___ DATASET CONTENT
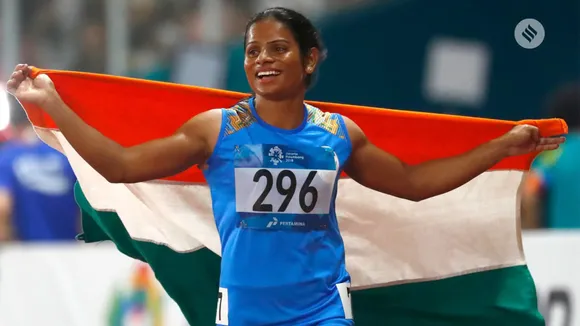 Indian sprinter Dutee Chand to challenge 4-year ban by NADA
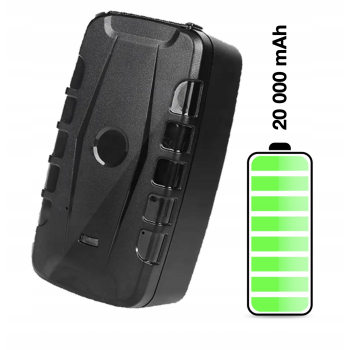 Lokalizator GPS X 4G Aku XL + sim + serwer + app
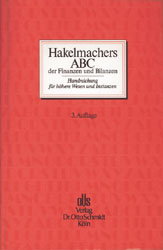 Hakelmachers ABC der Finanzen und Bilanzen - Sebastian Hakelmacher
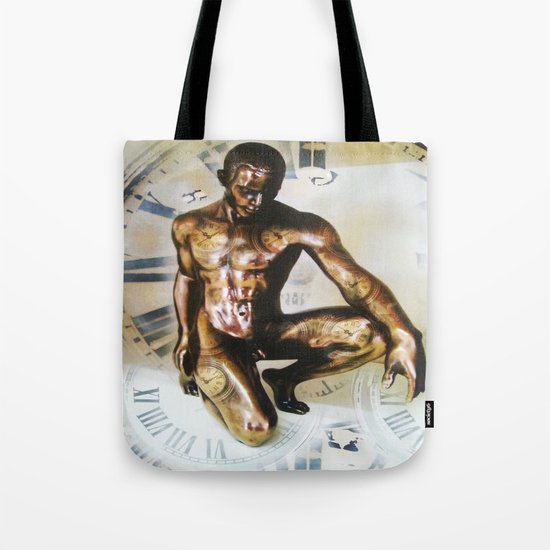Master Of Time Tote Bag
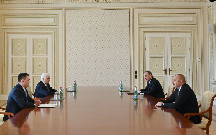 İlham Əliyev Rusiyanın Baş prokuroru ilə görüşdü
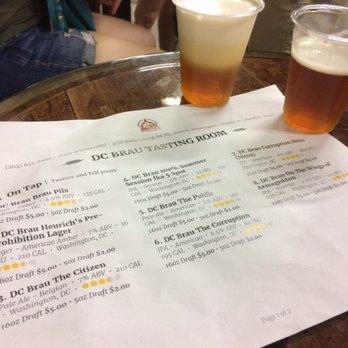 City Brew Tours - DC Brau - Beer Tours Near Me - Washington, DC, District of Columbia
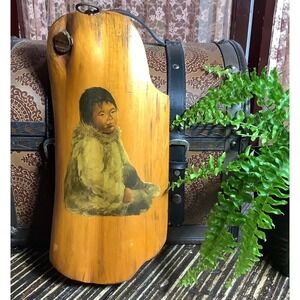 Every Child Matters Wood Wall Hanging Native Child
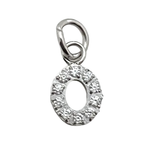 Load image into Gallery viewer, Sparkle Letter - Silver
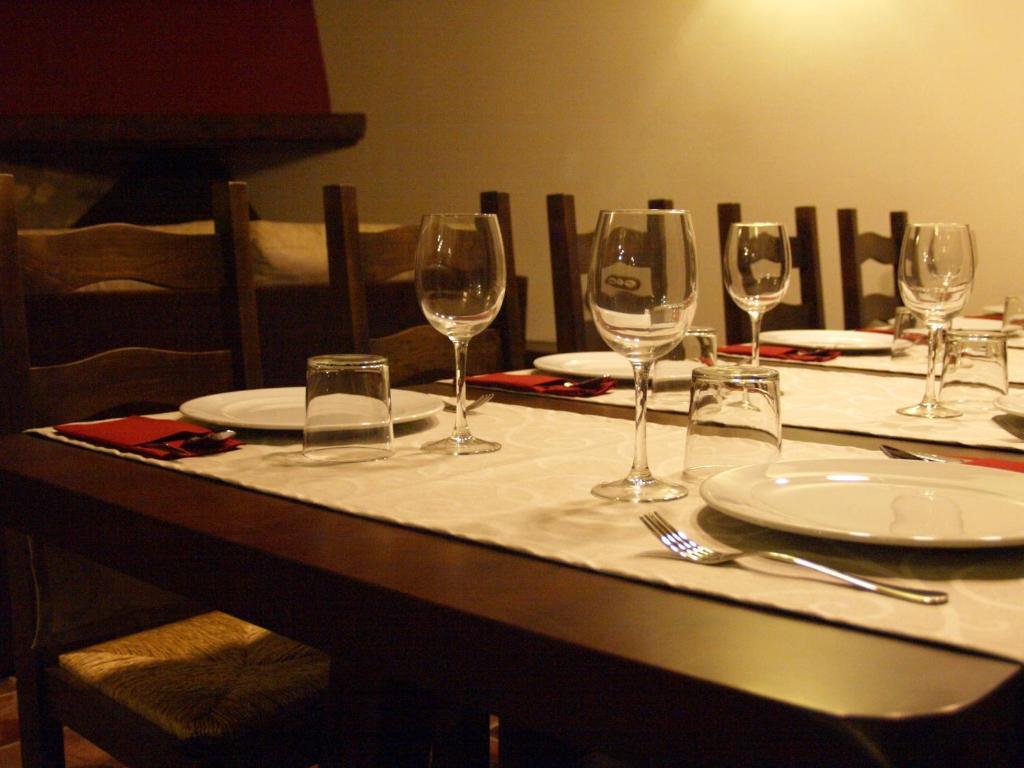 Maison d'hôtes Font D'En Torres Solo Adultos à Morella Extérieur photo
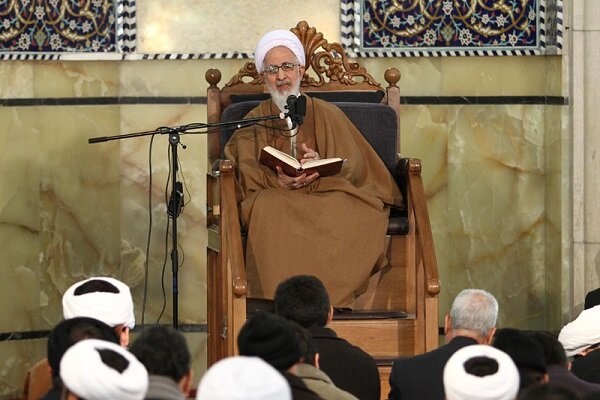 آیت الله جوادی آملی: اگر ما واقعاً طمعی در مال نمی&zwnj;کردیم، اکنون مشکلی نداشتیم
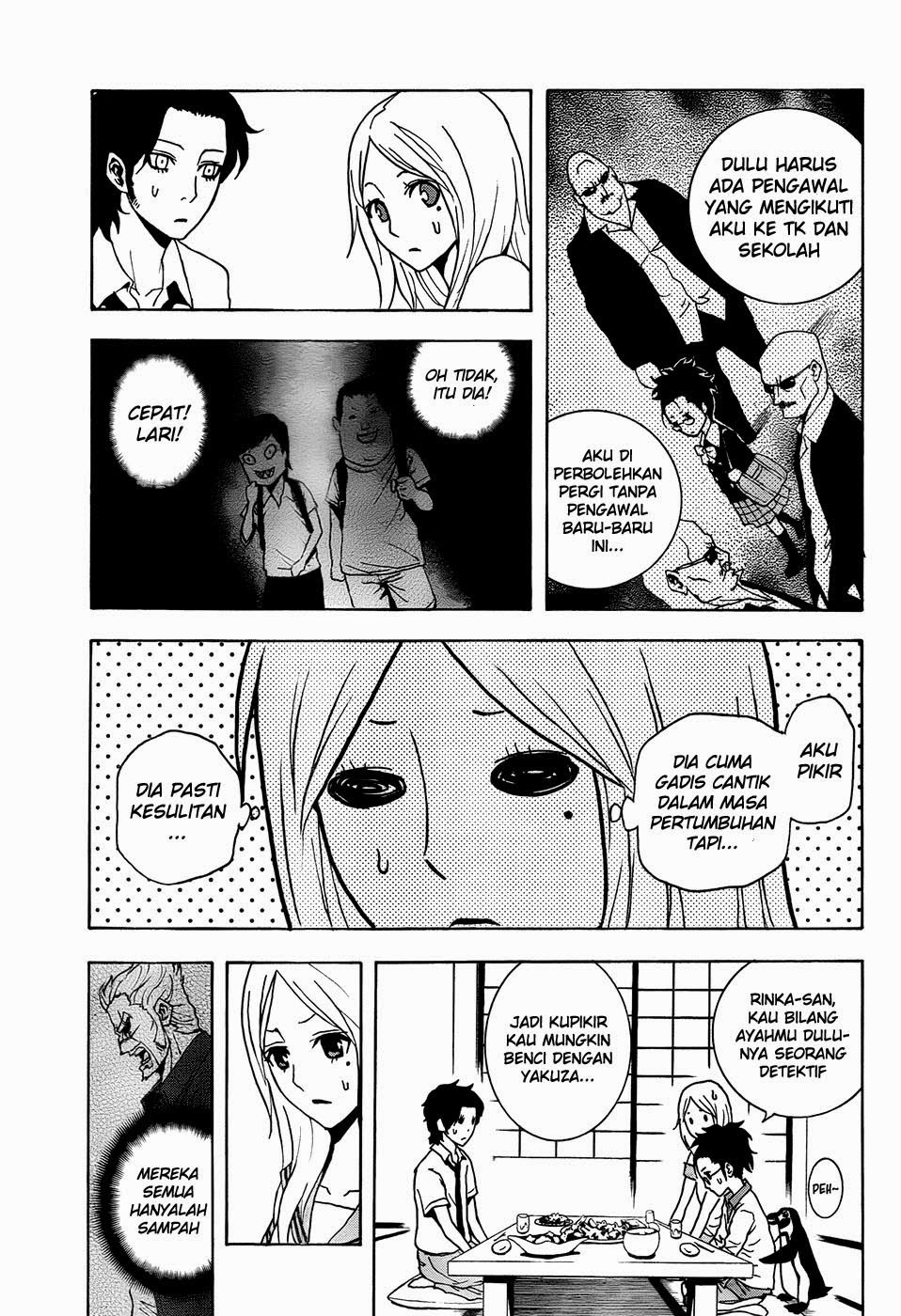 Tokyo ESP Chapter 5 - halaman 21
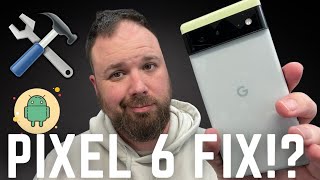 Pixel 6 Network Standby Fix! TRY THIS!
______
WHAT THIS TASK INVOLVES:
Please repeat, with no pictures, each line from the start of the records above through the line with "Every Child Matters", inclusive, and only those.

RESPONSE FOR THIS EXERCISE:
 Indian sprinter Dutee Chand to challenge 4-year ban by NADA
 Lokalizator GPS X 4G Aku XL + sim + serwer + app
 Hakelmachers ABC der Finanzen und Bilanzen - Sebastian Hakelmacher
Master Of Time Tote Bag
 İlham Əliyev Rusiyanın Baş prokuroru ilə görüşdü
 City Brew Tours - DC Brau - Beer Tours Near Me - Washington, DC, District of Columbia
 Every Child Matters Wood Wall Hanging Native Child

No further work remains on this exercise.